January 14, 2008

Best Source for Public Domain Material

Your Web Empire should include at least one ‘anchor’ site with really great content you create yourself. But you just will not have time to write content for all of your sites, especially when you have several dozen of them. Sometimes you really need content that will not require much work on your part.

Public domain material fits that bill. I don’t know how many websites consist of material from the Gutenberg collection of texts, but I am sure it is substantial, as that is one of the oldest and best-known collections of public domain texts. It is not a great source for that very reason — any content from there is certain to be categorized as duplicate content when you use it.

There have been a couple much-publicized efforts to scan books, most notably those by Microsoft and Google. These books are available as PDF image scans, but they are also run through OCR software, and the texts are available. Depending on the quality of image obtained, some of these OCR scans are surprisingly accurate.

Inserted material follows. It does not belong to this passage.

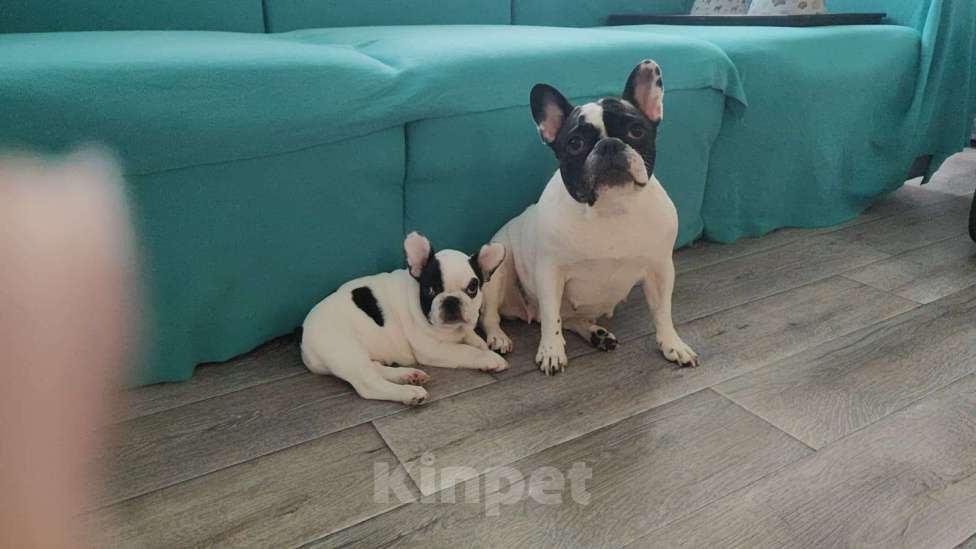 Собаки в Минеральном Воде: Французский бульдог Мальчик, Бесплатно - фото 6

The best way to access these books, as well as some from other projects (including Gutenberg) is to use the Internet Archive text collection.

This collection is huge enough, and growing fast enough, that even Google has not fully indexed it. Use the search function to find texts in the subject area relevant to your website, then download a few in the text format, and see if the OCR scan is accurate. If it is, choose a line of 40 or 50 characters from the text, and search it (within quotes) on Google. Oftentimes, you will get ‘no results found’ — indicating the text is not in the Google database. Run it through a spell-check to catch any OCR errors. Add it to your site, and when Google indexes it, yours will be the authority site for that text.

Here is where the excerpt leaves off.